Given a book of N pages, the task is to calculate the minimum number of page turns to get to a given desired page K. We can either start turning pages from the front side of the book (i.e from page 1) or from the back side of the book (i.e page number N). Each page has two sides, front and back, except the first page, which has only back side and the last page which may only have back side depending on the number of pages of the book.
Examples :
Input : N = 6 and K = 2.
Output : 1.
From front, (1) -> (2, 3), page turned = 1.
From back, (6) -> (4, 5) -> (2,3), page turned = 2.
So, Minimum number of page turned = 1.
Input : N = 5 and K = 4.
Output : 1.
From front, (1) -> (2, 3) -> (4,5), page turned = 2.
From back, (4, 5) page turned = 1. From back, it is 2nd page, since 4 is on other side of page 5 and page 5 is the first one from back
So, Minimum number of page turned = 1.
The idea is to calculate distance of the desired page from the front and from the back of the book, minimum of this is the required answer.
Now, Consider there is page 0, which is front of the first page. And if N is even, consider there is page N+1, which is back of the last page, so total number of pages are N+1.
To calculate the distance,
1. If K is even, front distance = (K – 0)/2 and back distance = (N – 1 – K)/2.

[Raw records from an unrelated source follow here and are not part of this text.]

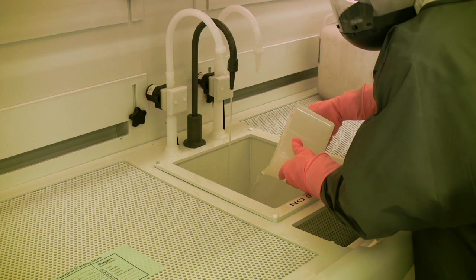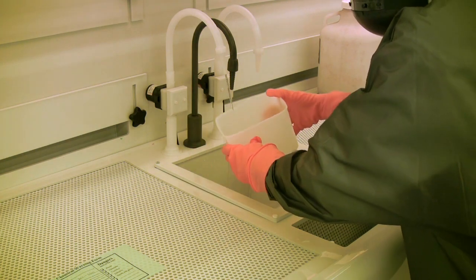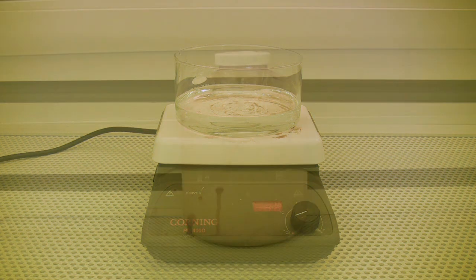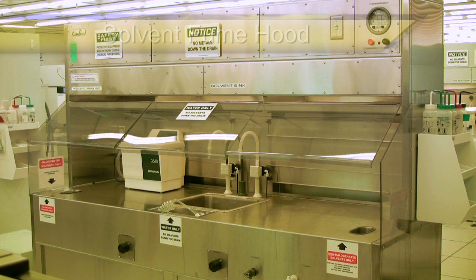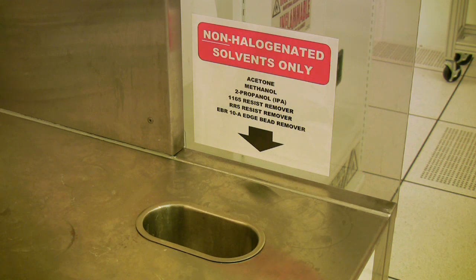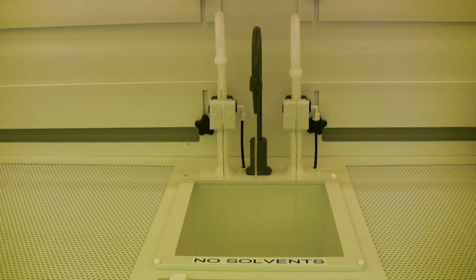When disposing of waste chemicals, it is extremely important that you adhere to all the rules implemented by the cleanroom staff. When disposing of acids or bases, you may pour them down the sink drain with the water running, allowing the water to run for several minutes to flush as much of the chemical out as possible. If the chemicals have been heated, you must let them cool to room temperature before pouring them down the drain. When disposing of solvents, they must be poured into the solvent waste carboys in the fume hood. In the Marcus cleanroom, there is a dedicated solvent fume hood equipped with two drains: one for halogenated solvents such as trichloroethylene and chloroform, and the other for non-halogenated solvents such as acetone, isopropanol, and methanol. Acids and bases are never to be used in the solvent fume hood or poured into the solvent waste carboys, and solvents are never to be poured down the sinks, no matter which fume hood you are using.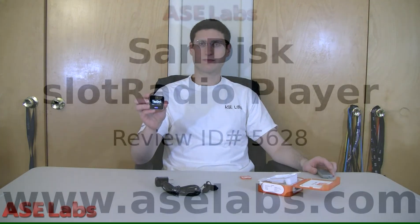Anyway, for ASC Labs, I'm Aaron Schatz, and thank you for watching. Please be sure to check out ASC Labs for more text and video reviews. Thank you again.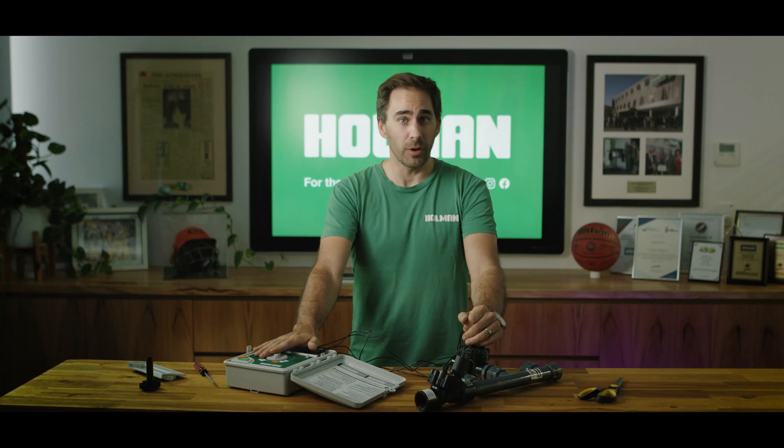There you have it guys. You've successfully wired up your controller to your solenoid valves. In the next video we will be talking about the WX8 WiFi controller, how to set it up with a phone and all the cool functions that come with it. Thanks for watching, don't forget to subscribe and I'll see you smart gardeners in the next video.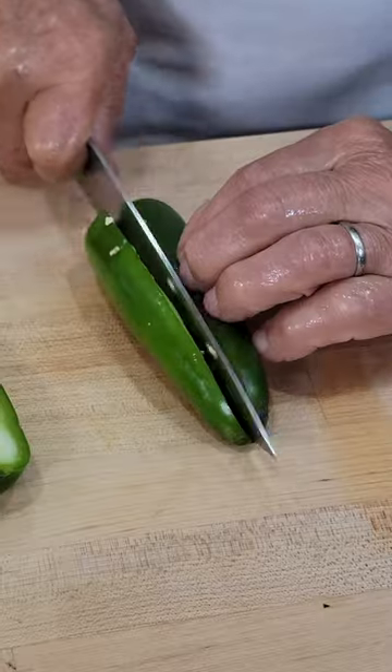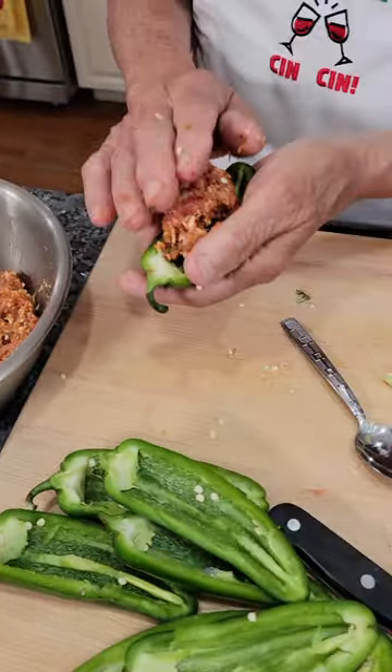Mix all together. Cut in half. Clean it up and stuff it. Place this in the oven.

2. If K is odd, front distance = (K – 1)/2 and back distance = (N – K)/2.
C++
#include<bits/stdc++.h>
using namespace std;
int minTurn(int n, int k)
{
if (n%2 == 0)
n++;
return min((k + 1)/2, (n - k + 1)/2);
}
int main()
{
int n = 6, k = 2;
cout << minTurn(n,k) << endl;
return 0;
}
|
Java
import java.io.*;
public class GFG
{
static int minTurn(int n, int k)
{
if (n % 2 == 0)
n++;
Math.min((k + 1) / 2, (n - k + 1) / 2);
}
static public void main (String[] args)
{
int n = 6, k = 2;
System.out.println(minTurn(n, k));
}
}
|
Python3
def minTurn(n, k):
if (n % 2 == 0):
n += 1
// Calculating Distance from front and
// back of the book and return the min
return min((k + 1) / 2, (n - k + 1) / 2)
if __name__ == '__main__':
n = 6
k = 2
print(int(minTurn(n, k)))
|
C#
using System;
public class GFG
{
static int minTurn(int n, int k)
{
if (n % 2 == 0)
n++;
return Math.Min((k + 1) / 2,
(n - k + 1) / 2);
}
static public void Main (String[] args)
{
int n = 6, k = 2;
Console.WriteLine(minTurn(n, k));
}
}
|
PHP
<?php
function minTurn($n, $k)
{
if ($n % 2 == 0)
$n++;
return min(($k + 1) / 2,
($n - $k + 1) / 2);
}
$n = 6; $k = 2;
echo minTurn($n, $k) ;
?>
|
Javascript
<script>
function minTurn(n, k)
{
if (n % 2 == 0)
n++;
let x = Math.min((k + 1) / 2, (n - k + 1) / 2);
return Math.floor(x);
}
let n = 6, k = 2;
document.write(minTurn(n, k));
</script>
|
Output :
1
Time Complexity : O(1)
Auxiliary Space: O(1)
This article is contributed by Anuj Chauhan(anuj0503). If you like GeeksforGeeks and would like to contribute, you can also write an article using write.geeksforgeeks.org or mail your article to review-team@geeksforgeeks.org. See your article appearing on the GeeksforGeeks main page and help other Geeks.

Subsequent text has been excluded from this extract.